NEW BOSTON — One staple of what makes a successful team is the sacrifices it’s willing to make in order to achieve a larger goal.
After dislocating his shoulder in the fourth quarter of the Tigers’ win over Valley in a Division IV district final, New Boston junior Grady Jackson was hardly his usual self.
The win-or-go home nature and the condensed schedule of postseason basketball isn’t kind to injuries suffered in the home stretch of the season, but that didn’t stop Jackson from suiting up in their regional semifinal contest against Grandview Heights.
Playing just nine minutes in the Tigers’ 50-48 win over the Bobcats at Southeastern High School three days after injuring his shoulder, Jackson said he felt as if fellow junior Brady Voiers’ presence on the court would be more beneficial than his own.
NB found a way to hold off GH’s comeback attempt in the final few minutes with Jackson not at full strength — but still giving his team and coaches everything he could while sporting a shoulder brace that limited his range of motion.
“It was difficult. But I knew that Brady would give better minutes than I would, and I knew it was probably better for the team if I sat out,” Jackson said, of the GH game. “I couldn’t even pass, really.”
The Tigers’ rotation has went just seven-or-eight deep this postseason run, and Jackson’s injury hampered that in their regional semifinal battle.
Although his presence on the court for that two-point win wasn’t quite as impactful as their next game, it was his effort and preparation for a game that could have been his teammates’ last that motivated them to win — and play at a high level.
“The bond we have, I know that if they got hurt like that, they’d give it their all to be out there,” Jackson said. “We have four seniors, and I know if I was a senior and they were in my shoes, they’d give it everything they had.”
New Boston’s four-man senior class, as well as Jackson and Brady Voiers, have been influenced by former teammates like the now graduated Tyler Caldwell, Malachi Potts and Marcus Saunders during their high school careers.
Those former teammates helped show this year’s upperclassmen the importance of maturity on the court — something’s that’s paid off this tournament run.
“My freshman year with Tyler, my sophomore year with Mal and Marcus — they taught me a lot. I used to get really mad when I’d play, they told me just to breathe, keep my head high, and just play. Our junior class and seniors, I think we’re just really grown up and mature about the game.”
Three days after NB’s thrilling win to make its second Elite Eight in three seasons, Jackson was back in the Tigers’ starting lineup — and didn’t check out a single time.
He, Tanner Voiers, Kyle Sexton and Chase Clark played all 32 minutes of their 44-39 win over Berlin Hiland in the regional championship — quite literally laying it all on the line with a trip to the state tournament at stake.
And even though he scored just three points on 1-of-6 shooting, Jackson’s most efficient work came on the defensive end — where he was tasked with guarding BH’s Will Schlabach.
Schlabach hit four threes in the Hawks’ 75-32 win over the Tigers two years ago in the regional final, but wasn’t afforded quite as many opportunities this time around.

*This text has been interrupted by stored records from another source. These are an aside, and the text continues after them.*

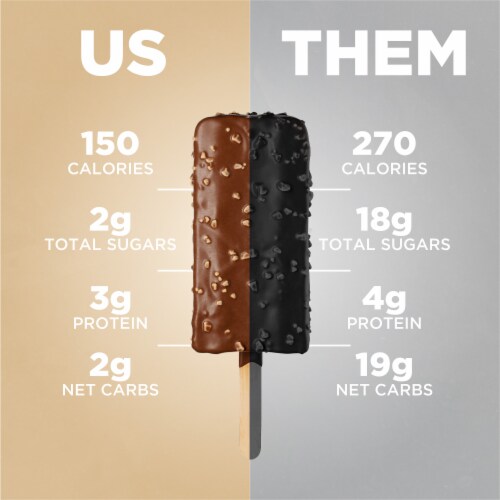 Keto Pint Zero Added Sugar Vanilla Crunch Ice Cream Bar Perspective: right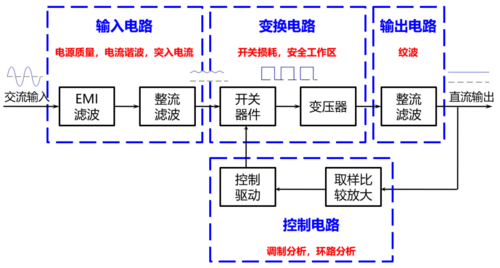 电源的作用，∪ps电源的作用？-第4张图片-优品飞百科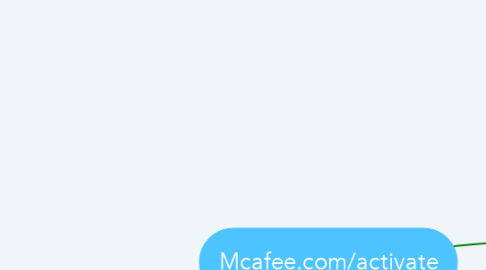 Mind Map: Mcafee.com/activate
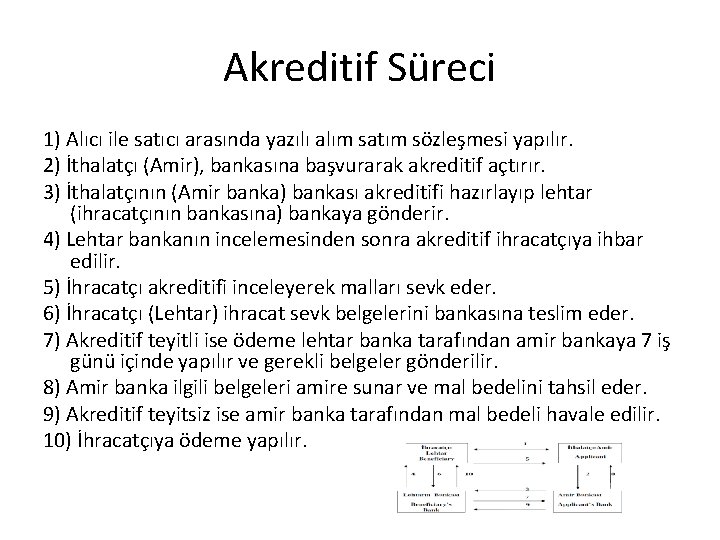 Akreditif Süreci 1) Alıcı ile satıcı arasında yazılı alım satım sözleşmesi yapılır. 2) İthalatçı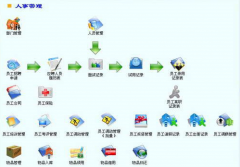 請(qǐng)問哪里有免費(fèi)下載工資表軟件的呀？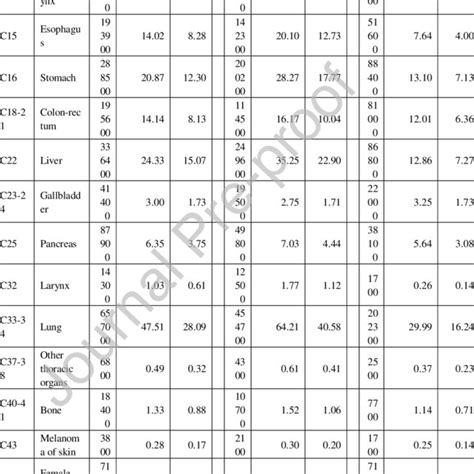 Pdf Cancer Incidence And Mortality In China 2016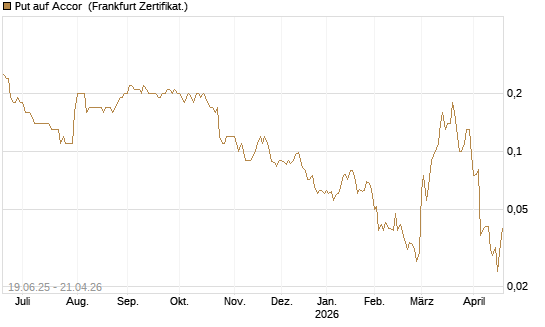 Put auf Accor [Société Générale Effekten GmbH] Chart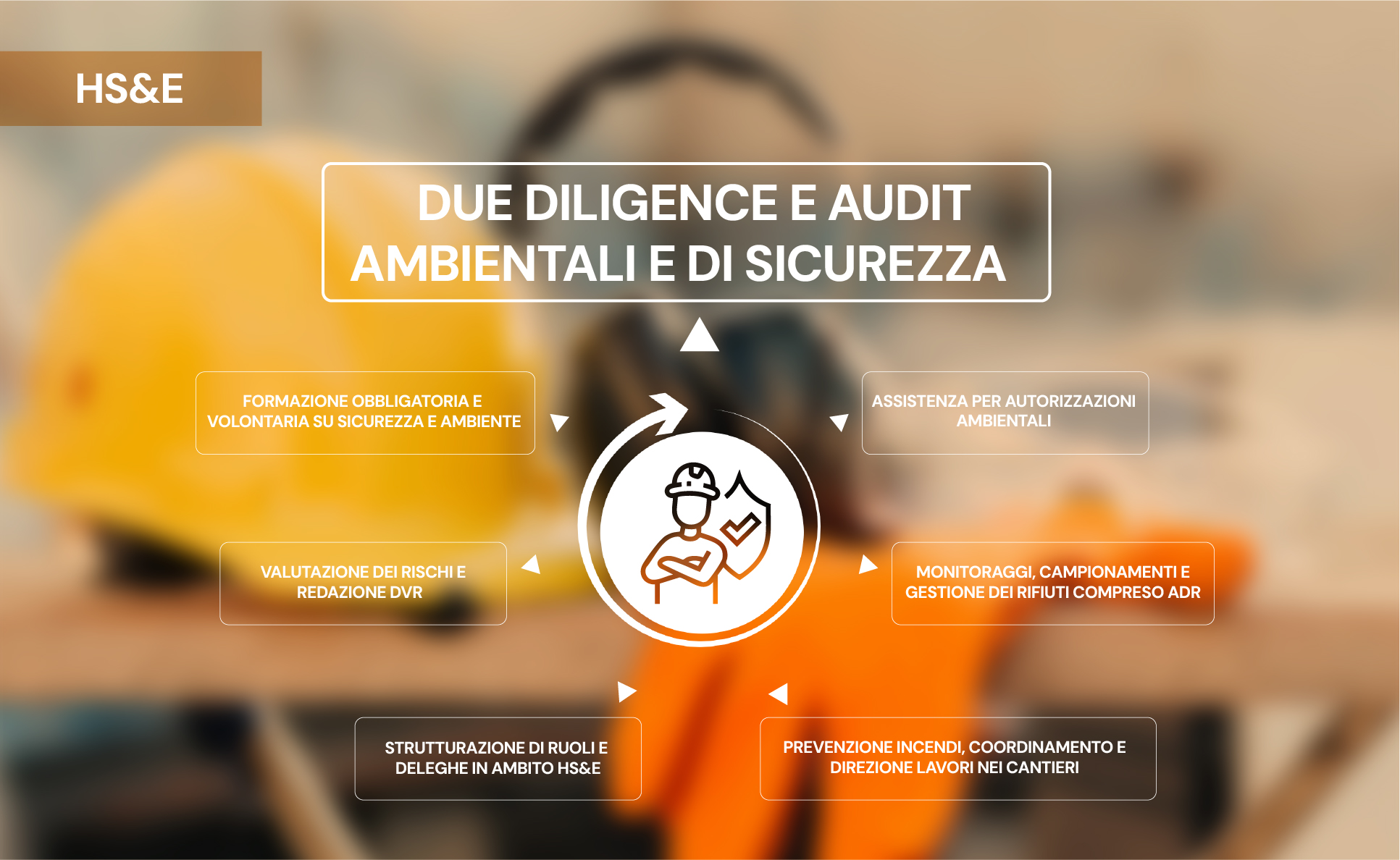 Due diligence e audit ambientali e di sicurezza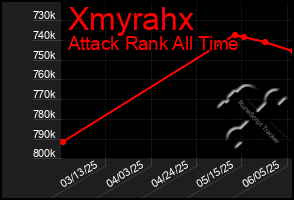 Total Graph of Xmyrahx
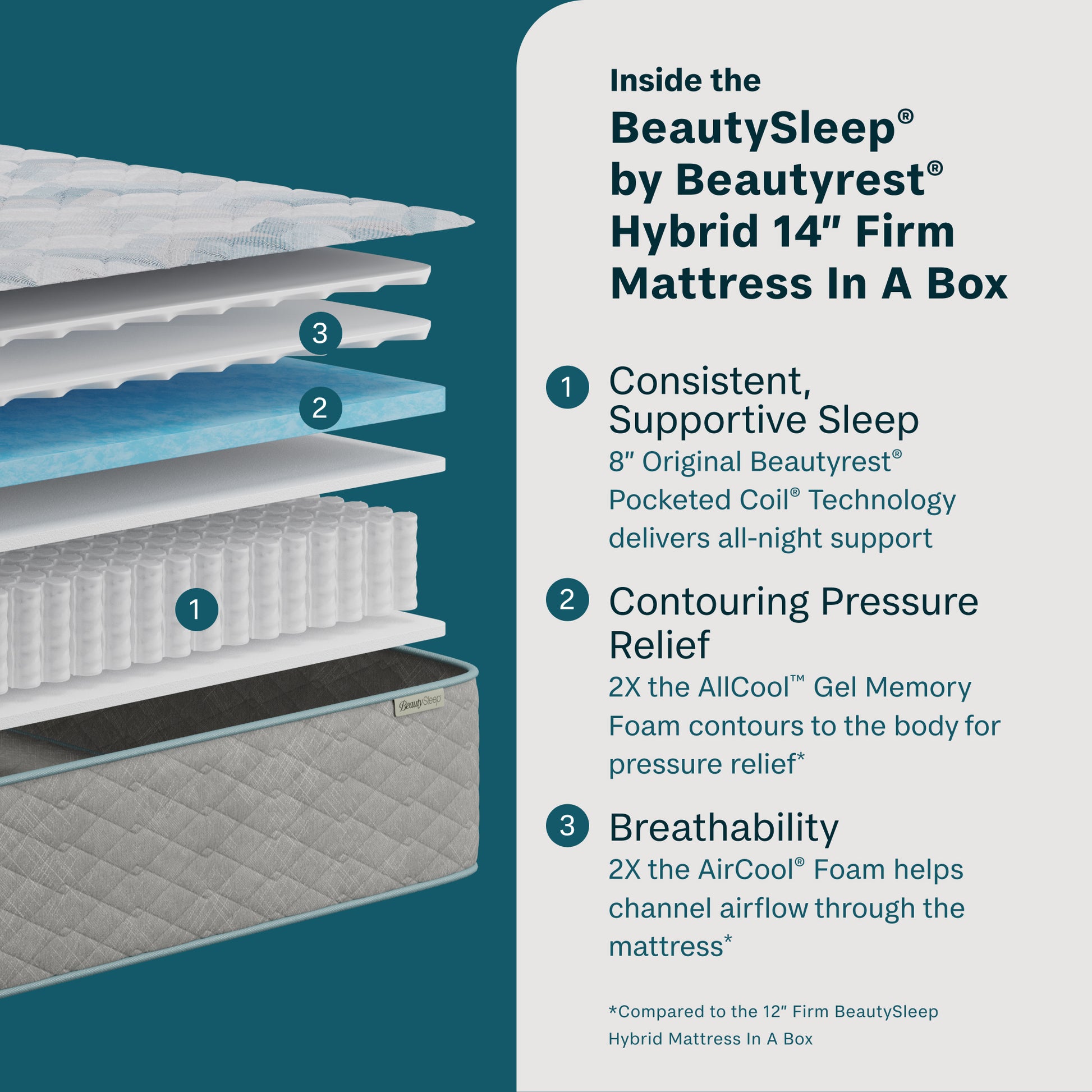 Inside the Beauty Sleep quilted 14-inch firm mattress with text on a teal background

With Jackson guarding the senior and coach’s son for the majority of the night, he was held scoreless for the entire first half — and shot just 3-of-16 from the field for the entire game.
“Schlabach was a great player. I knew that if we were going to win this game, he was going to have to be face-guarded the whole time. If he would have scored 20 or close to it, it would have been really tough for us to win,” Jackson said. “I only had three points that game, but I really focused and gave it everything I had on defense.”
No Hawk scored more than Schlabach’s team-high nine points after his scoreless first half, as the Tigers held BH to a postseason-low point total in their five games.
Clark’s breakaway layup on a football pass from Tanner Voiers put the game out of reach for BH, and put the Tigers back into the state tournament for the first time in 61 years.
It was a moment Jackson and his teammates have dreamed about for as long as they can remember.
“That was surreal. I’ve dreamed about it since I was a little kid. Seeing all these teams go to The Convo (Ohio University Convocation Center), watching all those games. Being that close to going to state my freshman year and losing last year in the district semis put a fire under us,” Jackson said. “This year, I think we just wanted it more. Now we’re focused on Columbus Grove.”
As of Tuesday prior to their trip to Dayton for the state semis, Jackson said he’s close to feeling 100-percent — after that shoulder injury less than two weeks ago.
For the Tigers to make this a weekend-long trip to Dayton, and go farther than any NB team has in the program’s long history, Jackson says it’ll take another great defensive performance from he and his teammates against a fellow regional champion: Columbus Grove.
“They’re a great team. They shoot the ball well and they’re very smart. They have three really good, all-around players that we’ll need to stop. They’re a lot like us, maybe a little slower and I think we play better defense. If we just pick up on defense and be in attack mode all game, I think we’ll be in the state final.”
Tipoff for Friday’s state (Division IV) semifinal from the University of Dayton Arena is set for 2 p.m.